While Mr. Griffin's high-profile co-panellists (three leading political
figures, including a senior cabinet minister, and a prominent playwright)
argued over the details of BNP's fascist agenda, Khush Klare, a young
professional from north London whose parents moved from India to Britain in
the 1960s, had a basic question for him: "Where do you want me to go? I was
born in this country. I love this country." And, then, suggested that it was
actually people like Mr. Griffin who needed to be packed off to some
"colourless" planet.
"You would be surprised," he told Mr. Griffin as the studio audience
clapped, "how many people would have a whip-round to buy you a ticket and
your supporters... to go to the South Pole. That's a colourless landscape,
it would suit you fine."
Mr. Griffin's stuttering attempt to justify his party's absurd policy which
calls for wholesale repatriation of immigrants to their countries of origin
was greeted with boos and jeers.
Mr. Klare's question would have resonated with every second generation
non-white Briton - indeed with all minorities (immigrants or not) caught up
in the majoritarian rhetoric of "us" and "them." It lies at the heart of the
identity crisis that afflicts many among the second and third generation
immigrants and which then leads to alienation - and often worse.
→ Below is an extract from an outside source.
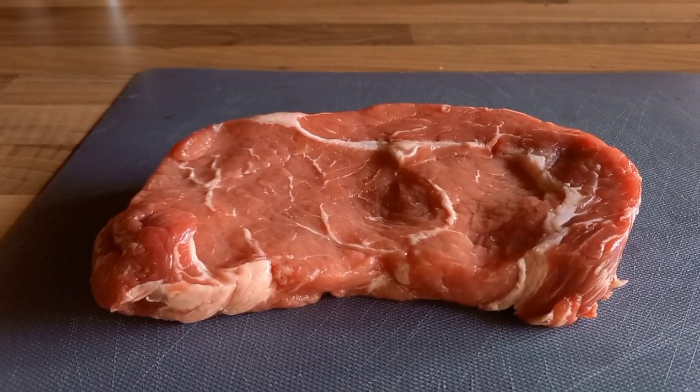Hi, welcome along to Barbecue Life UK, where great barbecue doesn't have to cost a fortune. Today we're cooking steak, and I'm going to turn this into this.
Where can
people like Mr. Klare whose parents or grandparents may have come from
another part of the world but who were born and brought up in Britain and
know of no other country they can call home go?
Mr. Griffin, of course, is an extreme racist but even high-minded liberals
suffer from the "outsider-insider" syndrome. A question that almost every
non-white Briton must have faced at some point is: "Where do you come from?"
And when they say "London" or "Manchester" or "Leicester," the questioner
persists: "Yes, but where do you come from...which country?"
A friend who did research on the subject for a book found that somewhere at
the back of nearly native white Briton's mind was this idea of immigrant as
an outsider.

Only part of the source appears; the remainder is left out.